Англичанин был в возбужденно‑радостном настроении, почти в
таком же, как Витя.
– Любил, – мрачно ответил Браун.
– Этот человек Шаляпин! Я восхищаюсь его… Идем пешком в
отель!
– Что? Что вы говорите? – вздрогнув, спросил
Браун, точно просыпаясь.
Англичанин посмотрел на него с удивлением.
– Я говорю, может быть, нам немного гулять пешком?
– Нет, я устал, пожалуйста, извините, меня, –
ответил Браун по‑английски. – Я поеду.
Они простились.
Ночь была лунная, светлая и холодная. Клервилль с папиросой
во рту шел быстрым крупным шагом, упруго приподнимая на носках свое
усовершенствованное мощное тело. Он сам не знал, отчего был так бодр и весел:
от шампанского ли, оттого ли, что шла великая, небывалая война за правое дело,
в которой он, английский офицер, с достоинством принимал участие на трудном,
ответственном посту, или оттого, что ему так нравились снег, морозная ночь и
весь этот изумительный город, не похожий ни на какой другой. «Та девочка,
бесспорно, очень мила». Здесь что‑то было, впрочем, не совсем в порядке в
мыслях майора Клервилля, но ему было не вполне ясно, что именно. «Шаляпин пел
изумительно, другого такого артиста нет на земле. – Клервилль был рад, что
видел вблизи Шаляпина и обменялся с ним несколькими словами. – Доктор
Браун явно не в духе и даже не слишком любезен, однако он замечательный
человек.
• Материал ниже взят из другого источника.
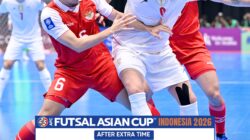 Indonesia Paksa Raja Futsal Asia ke Penalti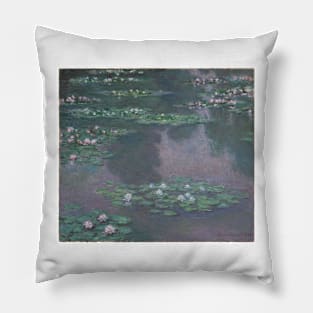 Nymphéas - Claude Monet Pillow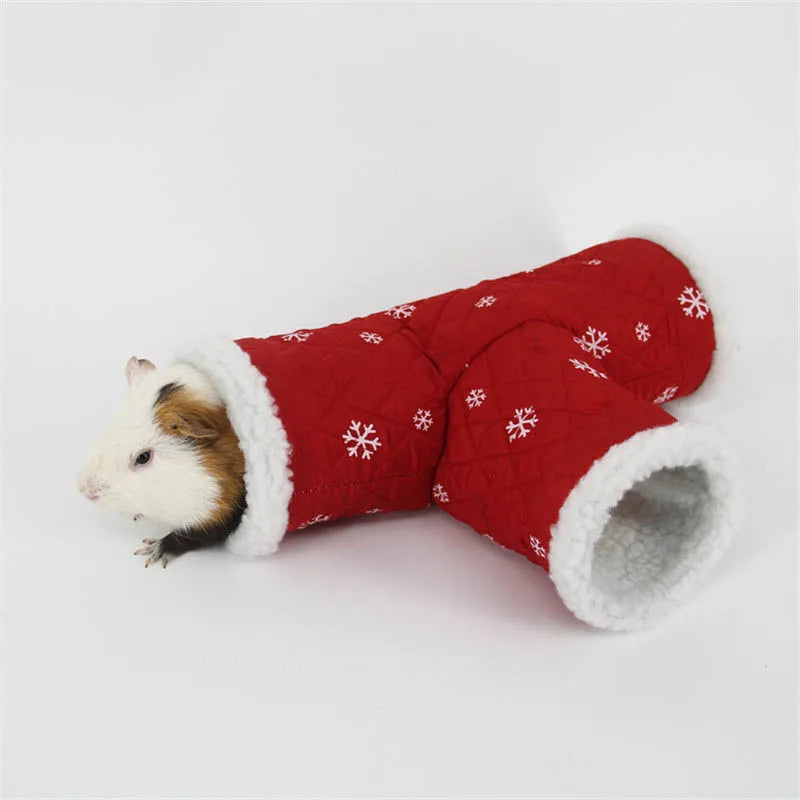 Mini Hamster Squirrel Three Tunnel Toy Keep - MyPetDollar.com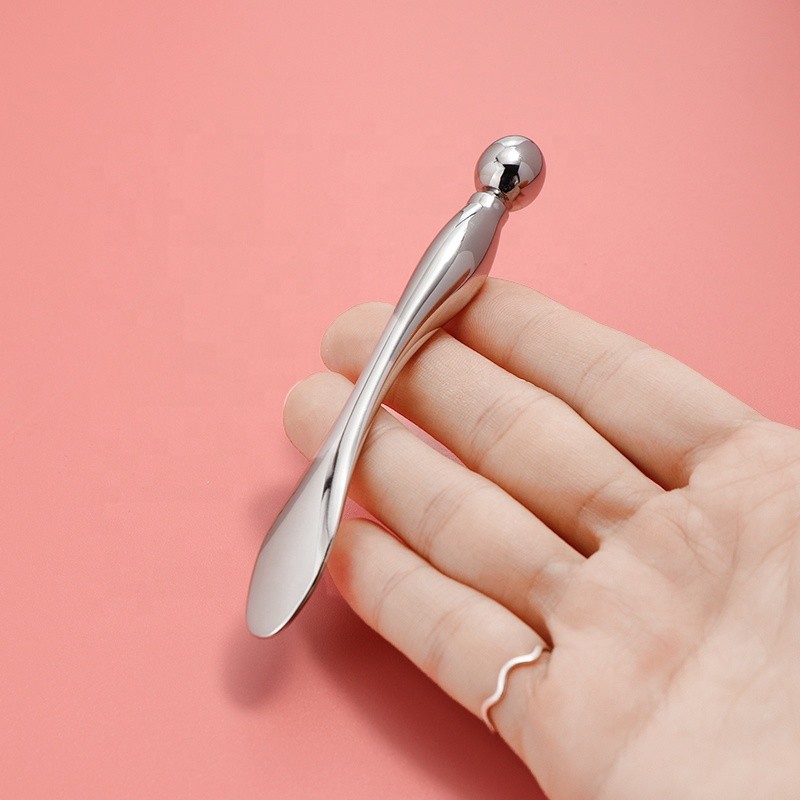 Eye Massage Stick Supplier - Luxury Gold Single Ball 7.7cm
Хозяева очень милы, особенно эта барышня… Но ведь Биконсфильд тоже был
еврей и граф Розбери женат на еврейке», – неожиданно ответил майор
Клервилль на то, что было не совсем в порядке в его мыслях. Он остановился,
пораженный, и громко расхохотался: так смешна ему показалась мысль, что он
может жениться на русской барышне, да еще на еврейке, да еще, во время мировой
войны. «Что сказали бы в Bachelor’e?» – спросил себя весело Клервилль. Слева от
него под фонарем у ворот, на уступе странно загибавшейся здесь улицы два
человека в военной форме, вытянувшись, смотрели на него с изумлением. Майор
нахмурился, отдал честь и прошел дальше. Открылась широкая река. За мостом было
пусто и мрачно. Сбоку темнели огромные дворцы. «Fontanka gale»[23], – тотчас признал майор, останавливаясь
снова и вынимая изо рта папиросу. Слева, чуть поодаль, в одном из дворцов кое‑где
таинственно светились в окнах огни. Клервилль слышал, что это какой‑то
исторический дворец, притом, кажется, с недоброй славой, вроде Worwick Castle
или Holyrood Palace[24].
Но что именно здесь происходило когда‑то, что было здесь теперь, этого
Клервилль не помнил и с любопытством влядывался в красные огоньки дворца.